Example 2 — Right-Tailed Z-Test (Large Sample, σ Unknown)
A phone industry manager thinks that customers’ monthly cell phone bills have increased, and now average more than RM 52 per month. The company wishes to test this claim. Suppose a sample of 64 customers is randomly selected with a mean RM 53.1 and standard deviation RM10. Test the manager’s claim at 10% level of significance.
Solution outline:
- H₀: μ ≤ 52 vs H₁: μ > 52
- α = 0.10 (right-tailed)
- n = 64 ≥ 30, σ unknown → use Z with s
- $Z = \frac{53.1 - 52}{10 / \sqrt{64}} = \frac{1.1}{1.25} = 0.88$
- Critical value: 1.28
- Decision: 0.88 < 1.28 → Do not reject H₀
- Conclusion: At the 10% significance level, there is not enough evidence to support the manager’s claim that the average monthly bill exceeds RM 52.
Example 3 — Left-Tailed Z-Test (Large Sample, σ Known)

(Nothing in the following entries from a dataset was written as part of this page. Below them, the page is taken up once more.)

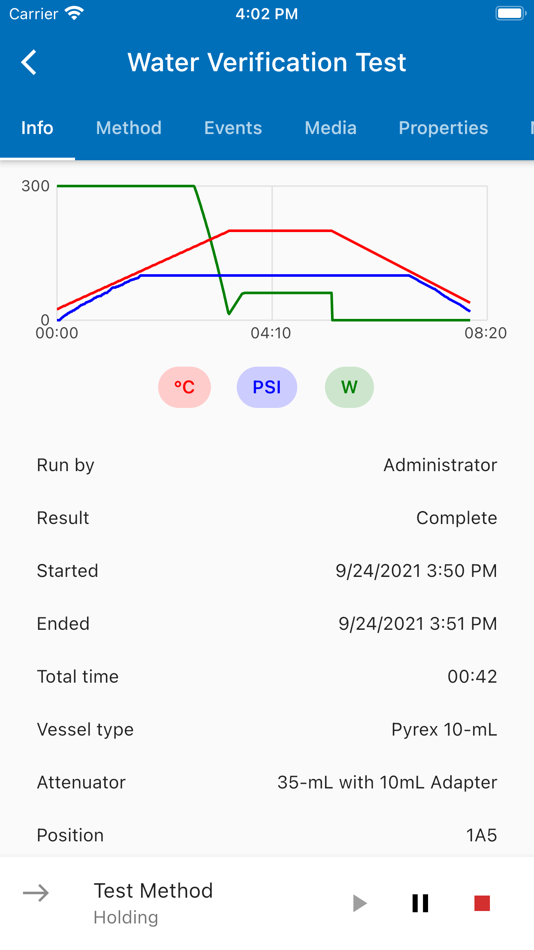 #5. iLink Mobile (iOS) 由: CEM Corporation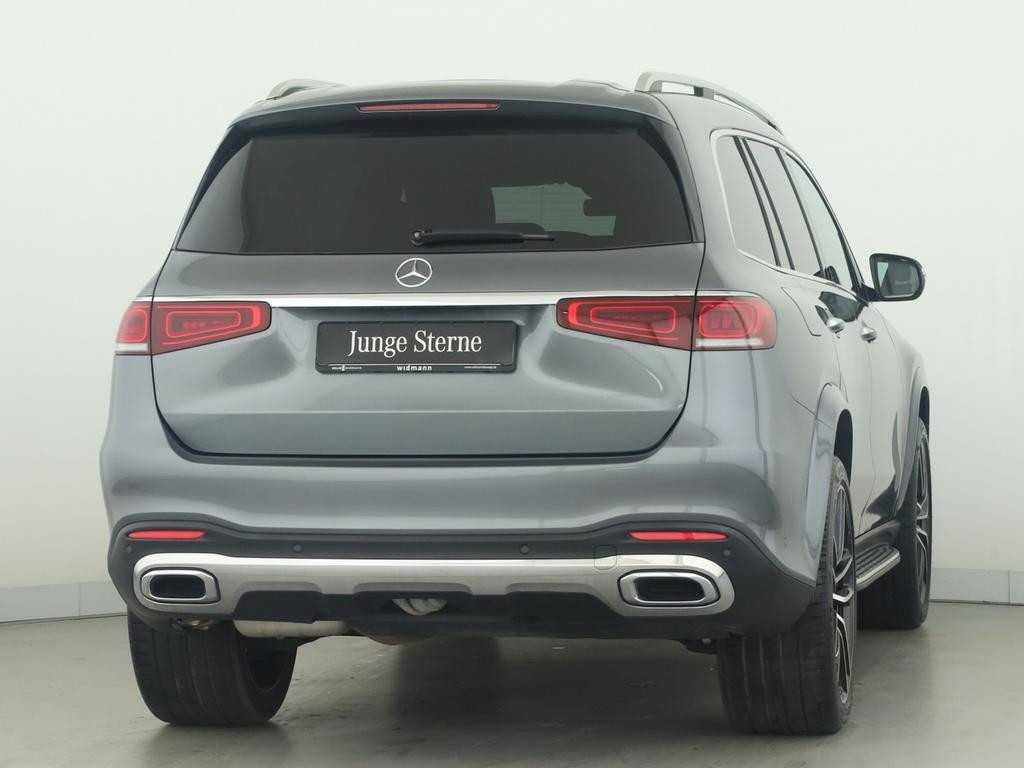 Mercedes-Benz GLS-Klasse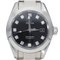Omega Seamaster Aqua Terra - Montre Lady en acier et diamants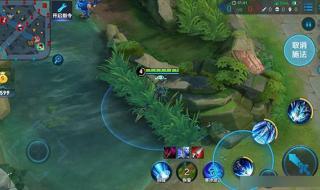 三国战纪赵云连招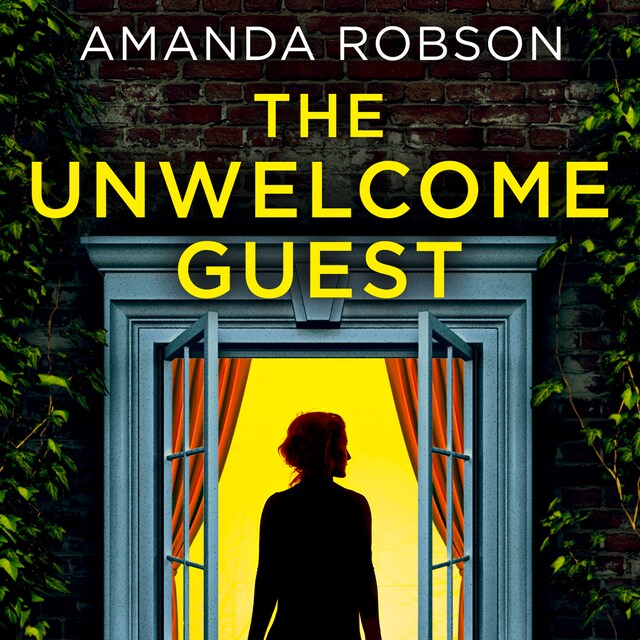 Book cover for The Unwelcome Guest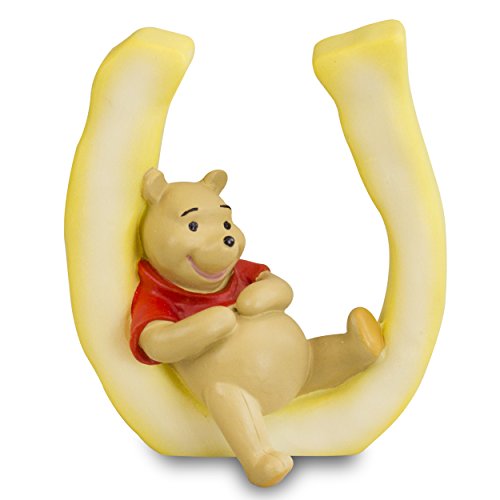 Enesco - Disney Pooh & Friends - Magnetic Alphabet Letter "U"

A quality control engineer finds that a sample of 100 light bulbs had an average life-time of 470 hours. Assuming a population standard deviation of σ = 25 hours, test whether the population mean is 480 hours vs. the alternative hypothesis μ < 480 at a significance level of α = 0.05.
Solution outline:
- H₀: μ = 480 vs H₁: μ < 480
- α = 0.05 (left-tailed)
- n = 100 ≥ 30, σ known → use Z
- $Z = \frac{470 - 480}{25 / \sqrt{100}} = \frac{-10}{2.5} = -4.0$
- Critical value: −1.645
- Decision: −4.0 < −1.645 → Reject H₀
- Conclusion: At the 5% significance level, there is sufficient evidence to conclude that the mean lifetime of the light bulbs is less than 480 hours.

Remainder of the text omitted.